Una magra consolazione

Una magra consolazione

La prescrizione, in ambito penale, vuol dire che il reato è stato commesso troppo tempo prima perché sia ancora interessante per lo Stato cercare un colpevole. Non significa innocenza. Significa un dubbio.

L’imputato che punta sulla prescrizione non vuole che sia accertata la sua innocenza: per quello bisogna che il processo vada fino in fondo e il verdetto sia chiaro. No, vuole uscire senza essere condannato.

Per questo Silvio Berlusconi che si lamenta e vuole la prescrizione a tutti i costi è comunque sconfitto: non vuole essere dichiarato innocente. Vuole non essere condannato.

In un paese civile questo, per un uomo politico, unito al fatto che il politico ha usato tutto il potere di cui disponeva per fermare i procedimenti giudiziari a suo carico, equivale a una ammissione implicita di colpevolezza. Non rilevante giuridicamente ma impresentabile all’elettorato.

Non in Italia. Ma forse il vento di cambiamento sta soffiando anche su queste cose.

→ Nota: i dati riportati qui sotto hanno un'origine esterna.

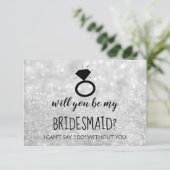 Zal je mijn bruidsmeisje Kaart zijn - je ring schi (Staand voorkant)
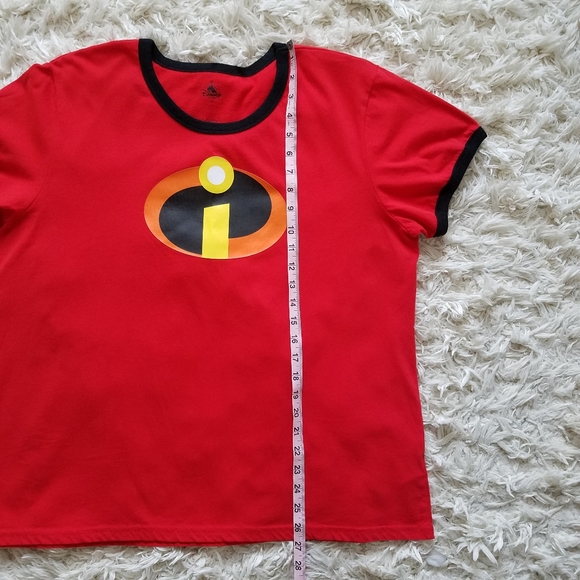 Disney Incredibles 2 Elastica short sleeve t-shirt ringer red black - Picture 5 of 8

2 pensieri riguardo “Una magra consolazione

  1. Il fatto che Berlusconi cerchi di proteggersi “dai” processi, non riconoscendo di fatto l’autorità e l’autorevolezza della magistratura, non è poi così consolante, perché, dal suo punto di vista non è un’ammissione di colpevolezza, ma la denuncia della presunta parzialità della magistratura: è, in altre parole, la testimonianza più eclatante della natura tecnicamente eversiva di quel quel che Berlusconi ha fatto o provato a fare in questo Paese. Lui vuole fare passare il messaggio che è perseguitato da una magistratura che ha abdicato al suo ruolo per fini di lotta politica, mettendosi così fuori dallo Stato.
    In altre parole i giudici potrebbero anche cogliere B. sul fatto, con le mani sporche di marmellata, lui dichiarerebbe serafico che i giudici mentono e che la foto è stata ritoccata con fotoshop, o che le cose non stanno come sembrano. Quando non accetti le regole della democrazia, te ne chiami fuori, a quel punto tutto diventa possibile e, allo stesso tempo, tutto diventa assurdo. Speriamo solo che sia una stagione passata.

    1. Ti do ragione su tutta la linea. Purtroppo il vedere le istituzioni al proprio servizio e non viceversa è un habitus mentale penetrato in profondità. Basta vedere la differenza di trattamento degli arbitri e dei loro errori nel calcio italiano e in quello anglosassone.
      Perciò la “stagione passata” mi sembra un sano desiderio più che una speranza fondata.